WHAT YOU HAVE TO DO
Report every line of the records below that contains the word "century".

(WORKING DATA)

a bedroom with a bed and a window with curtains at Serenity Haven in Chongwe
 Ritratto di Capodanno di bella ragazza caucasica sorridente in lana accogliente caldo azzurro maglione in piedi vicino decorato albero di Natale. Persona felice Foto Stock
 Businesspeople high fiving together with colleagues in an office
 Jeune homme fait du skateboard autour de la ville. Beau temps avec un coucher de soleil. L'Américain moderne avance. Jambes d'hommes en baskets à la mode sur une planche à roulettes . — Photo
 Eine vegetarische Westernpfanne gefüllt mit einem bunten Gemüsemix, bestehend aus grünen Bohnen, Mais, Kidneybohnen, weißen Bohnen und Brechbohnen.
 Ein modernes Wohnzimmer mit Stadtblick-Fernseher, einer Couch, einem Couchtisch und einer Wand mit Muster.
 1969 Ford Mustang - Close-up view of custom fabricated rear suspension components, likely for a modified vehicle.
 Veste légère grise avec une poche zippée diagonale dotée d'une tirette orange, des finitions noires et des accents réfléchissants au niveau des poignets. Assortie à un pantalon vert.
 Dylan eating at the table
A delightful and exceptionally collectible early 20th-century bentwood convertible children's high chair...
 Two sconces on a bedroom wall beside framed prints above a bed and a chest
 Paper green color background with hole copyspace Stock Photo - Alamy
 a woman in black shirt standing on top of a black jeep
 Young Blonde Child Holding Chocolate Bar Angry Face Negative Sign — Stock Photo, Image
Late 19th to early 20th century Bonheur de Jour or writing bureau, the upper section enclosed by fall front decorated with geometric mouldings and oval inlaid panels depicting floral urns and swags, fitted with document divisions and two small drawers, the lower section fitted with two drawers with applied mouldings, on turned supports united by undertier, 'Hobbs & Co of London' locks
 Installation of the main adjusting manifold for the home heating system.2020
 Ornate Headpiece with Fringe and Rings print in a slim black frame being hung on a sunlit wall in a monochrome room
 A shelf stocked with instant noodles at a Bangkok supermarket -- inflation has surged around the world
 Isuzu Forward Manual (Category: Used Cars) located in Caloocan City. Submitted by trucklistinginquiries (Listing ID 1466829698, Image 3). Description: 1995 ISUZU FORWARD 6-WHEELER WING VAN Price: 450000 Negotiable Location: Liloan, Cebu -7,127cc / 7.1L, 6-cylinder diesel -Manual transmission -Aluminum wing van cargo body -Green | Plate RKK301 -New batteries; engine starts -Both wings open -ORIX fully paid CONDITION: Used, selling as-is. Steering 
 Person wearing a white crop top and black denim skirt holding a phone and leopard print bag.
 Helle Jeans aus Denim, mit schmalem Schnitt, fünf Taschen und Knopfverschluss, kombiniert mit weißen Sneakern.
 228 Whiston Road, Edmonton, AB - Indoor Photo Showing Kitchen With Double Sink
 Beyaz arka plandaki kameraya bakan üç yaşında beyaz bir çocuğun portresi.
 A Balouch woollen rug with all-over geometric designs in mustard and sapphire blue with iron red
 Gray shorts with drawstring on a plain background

(End WORKING DATA)

WRITTEN ANSWER
A delightful and exceptionally collectible early 20th-century bentwood convertible children's high chair...
Late 19th to early 20th century Bonheur de Jour or writing bureau, the upper section enclosed by fall front decorated with geometric mouldings and oval inlaid panels depicting floral urns and swags, fitted with document divisions and two small drawers, the lower section fitted with two drawers with applied mouldings, on turned supports united by undertier, 'Hobbs & Co of London' locks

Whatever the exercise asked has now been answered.